[Dataset excerpts]
BEGIN
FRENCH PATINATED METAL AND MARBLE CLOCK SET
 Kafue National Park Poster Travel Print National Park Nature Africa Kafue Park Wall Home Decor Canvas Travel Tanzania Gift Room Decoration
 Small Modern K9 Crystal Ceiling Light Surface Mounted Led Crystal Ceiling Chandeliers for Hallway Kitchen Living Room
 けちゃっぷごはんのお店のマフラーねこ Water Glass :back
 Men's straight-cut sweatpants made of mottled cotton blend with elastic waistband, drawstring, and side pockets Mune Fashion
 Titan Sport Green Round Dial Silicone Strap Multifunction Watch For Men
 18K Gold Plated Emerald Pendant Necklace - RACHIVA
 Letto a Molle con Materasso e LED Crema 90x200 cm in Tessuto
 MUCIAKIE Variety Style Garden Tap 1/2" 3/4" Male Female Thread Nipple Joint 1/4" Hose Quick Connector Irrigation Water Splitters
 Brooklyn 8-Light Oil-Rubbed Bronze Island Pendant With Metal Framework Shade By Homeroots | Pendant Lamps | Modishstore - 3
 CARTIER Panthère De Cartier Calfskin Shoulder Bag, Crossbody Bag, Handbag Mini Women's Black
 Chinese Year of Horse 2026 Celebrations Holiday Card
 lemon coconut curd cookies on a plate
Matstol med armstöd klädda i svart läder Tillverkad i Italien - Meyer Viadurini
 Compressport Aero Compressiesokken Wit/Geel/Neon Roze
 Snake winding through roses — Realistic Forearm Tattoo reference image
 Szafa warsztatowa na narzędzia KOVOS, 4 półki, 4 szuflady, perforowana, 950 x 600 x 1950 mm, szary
END
Your answer should be the lines from the one containing "Compressport Aero Compressiesokken" through the last line of the records, repeated exactly and with nothing added.

 Compressport Aero Compressiesokken Wit/Geel/Neon Roze
 Snake winding through roses — Realistic Forearm Tattoo reference image
 Szafa warsztatowa na narzędzia KOVOS, 4 półki, 4 szuflady, perforowana, 950 x 600 x 1950 mm, szary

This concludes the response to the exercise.